Quando eu cresci a situação lá em casa estava muito melhor. Não tive luxo, mas também não fui privada de coisas que o meu irmão não pôde ter.

Mas lembro com saudades da felicidade que foi quando ele passou. Os primeiros meses foram de sufoco até ele encontrar colegas relativamente confiáveis com quem pudesse rachar o aluguel.

Minha mãe, para ajudar o mano a comprar os livros (que mesmo naquela época eram caríssimos), fazia salgadinhos por encomenda.
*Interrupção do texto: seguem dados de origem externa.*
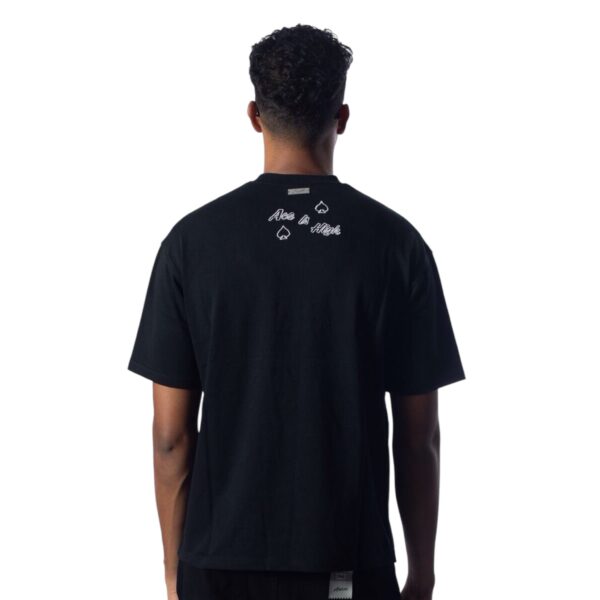 AMICCI AMATEURS TSHIRT BLACK - Image 2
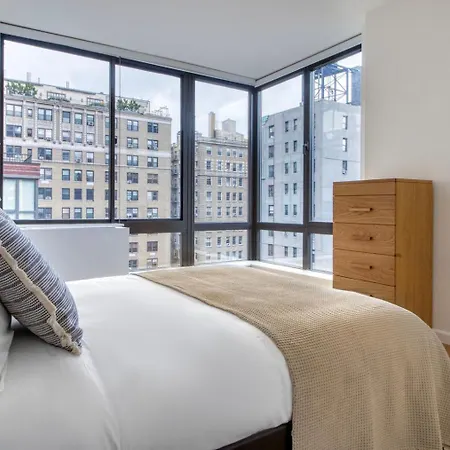 Upper West Side 2br W Rooftop Gym Nr Park Nyc-1216 Apartment New York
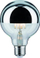Poç elektrik Paulmann LED G95, 6.5W, i argjendtë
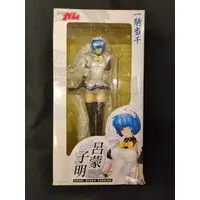 Figure - Ikkitousen (Battle Vixens) / Ryomou Shimei (Ikkitousen)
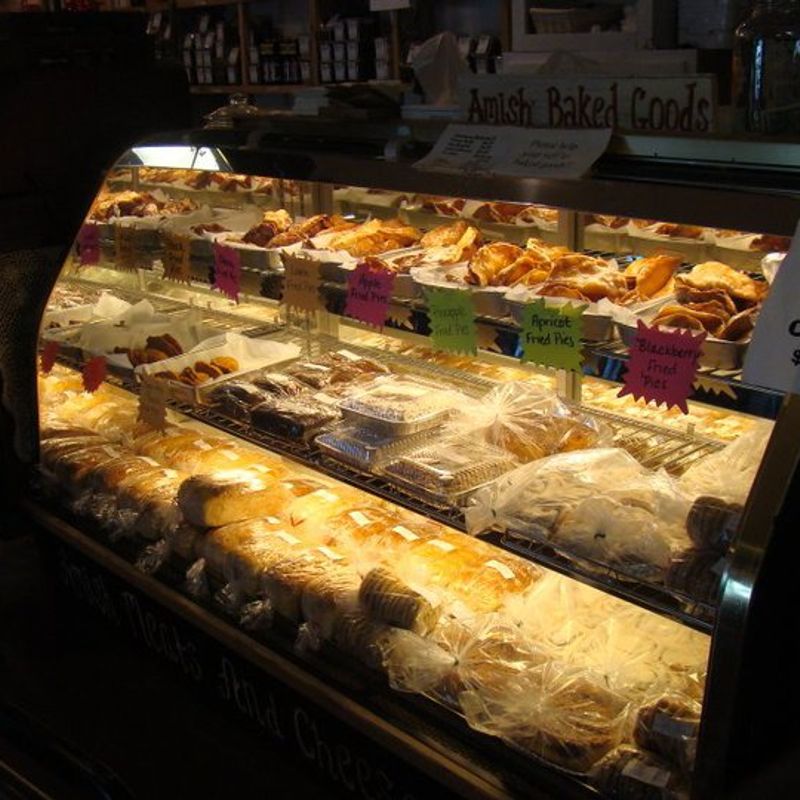 Amish Country Store & Restaurant Oklahoma's Official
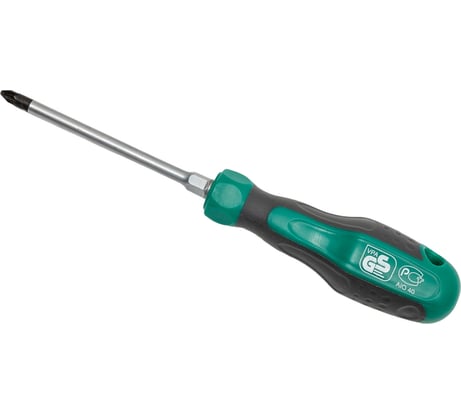 Крестовая отвертка PZ2 100мм силовая под ключ AIST 83061002PL 00-00003511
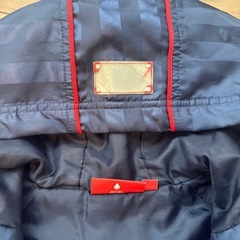 子供用　ロングコート　ベンチコート　130 PUMAの画像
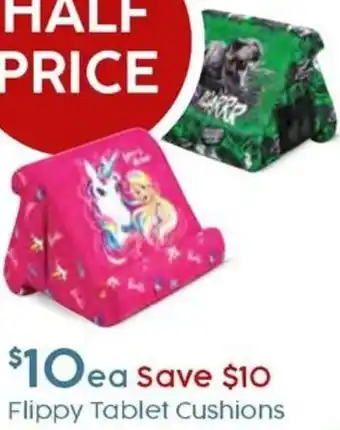 Flippy Tablet Cushions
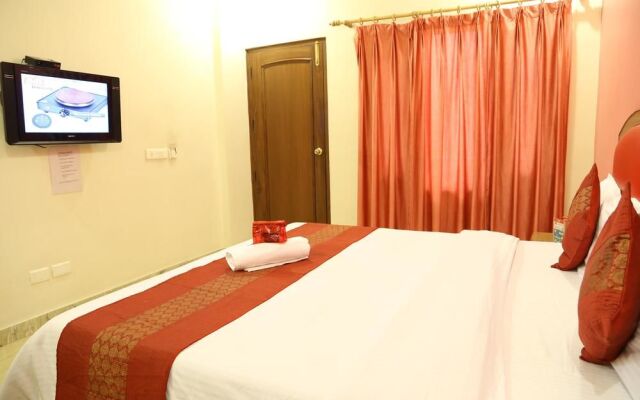 Hotel GK President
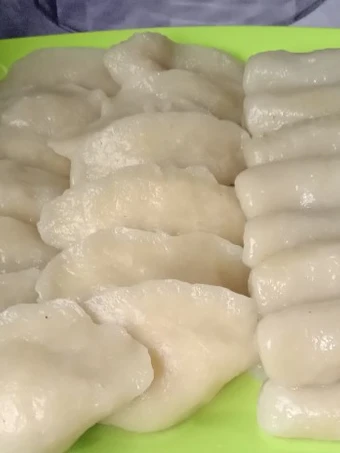 Cara Mudah Menyiapkan Resep Pempek dos anti gagal dengan modal 16 rb yang Lezat Sekali Anti Ribet, Uenak Banget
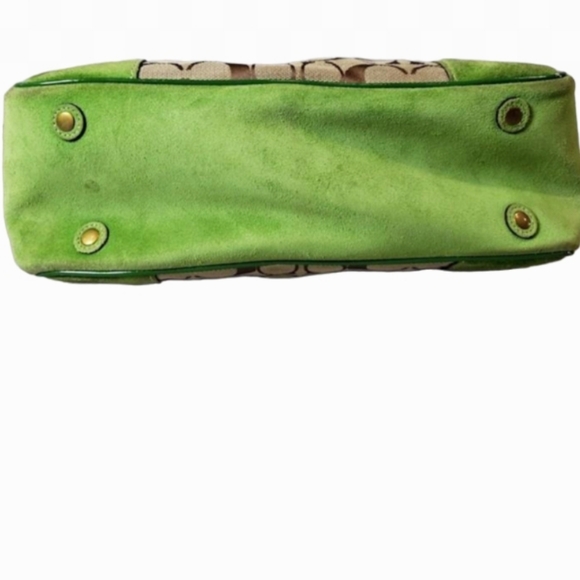 Coach handbag - Picture 4 of 6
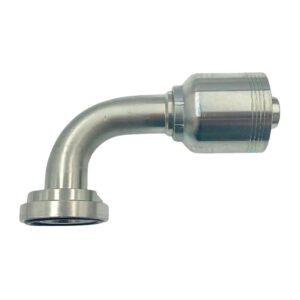 O87392-16-16 CONECTOR SAE FLANGE 90Ao 1 X MANG 1 R4
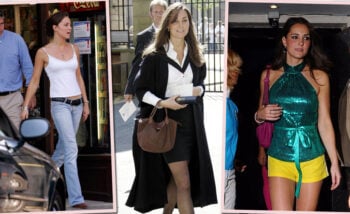 Veja como Kate Middleton mudou desde que passou a pertencer a realeza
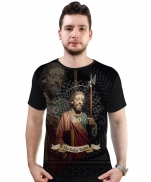 CAMISETA LS ADULTO SÃO JUDAS imagem do produto - CAMISETA LS ADULTO SÃO JUDAS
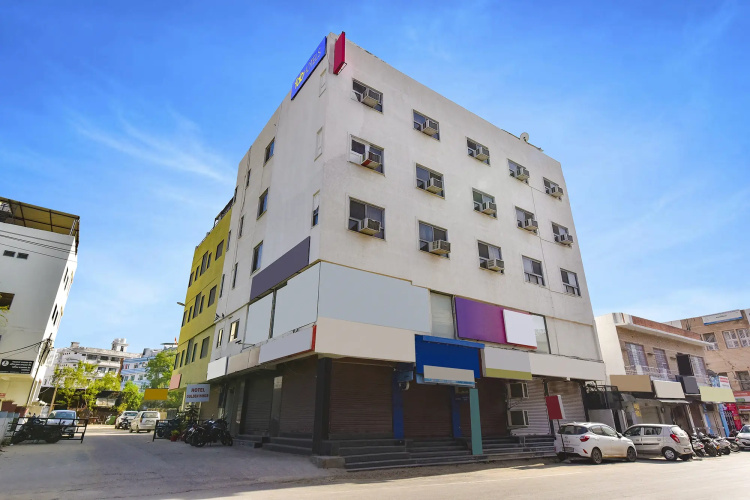 Otel görseli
Não era propriamente um emprego, mas as encomendas no fim-de-semana surgiam e lá íamos nós, madrugadas adentro. Fornadas e mais fornadas de pasteizinhos, coxinhas, empadas, canapés.

E em nenhuma dessas vezes lembro da minha mãe triste, chorosa. Não vi a minha mãe reclamar uma única vez de como as coisas eram difíceis.

Cada vez que recebia o pagamento pelos salgados minha mãe abria um sorrisão, feliz da vida, pensando no destino do dinheiro. Ela não via o dinheiro na palma da mão dela, ela enxergava o livro, o tênis, o mês de alimentação que ela poderia ajudar o meu pai a bancar.

Talvez não seja politicamente correto, mas presenciar esse tipo de situação me faz inflar de orgulho pela mãe que eu tive.

E me traz a certeza de que, se tudo der errado, juro por Deus que cozinho a barriga no fogão, mas filho meu não vai virar empacotador nem manicure. E se eles não quiserem estudar, já aproveito as formas dos salgadinhos para dar umas boas porradas na cabeça deles até que eles implorem por misericórdia.


Su: parabéns pelo emprego, garota! Que orgulho de você!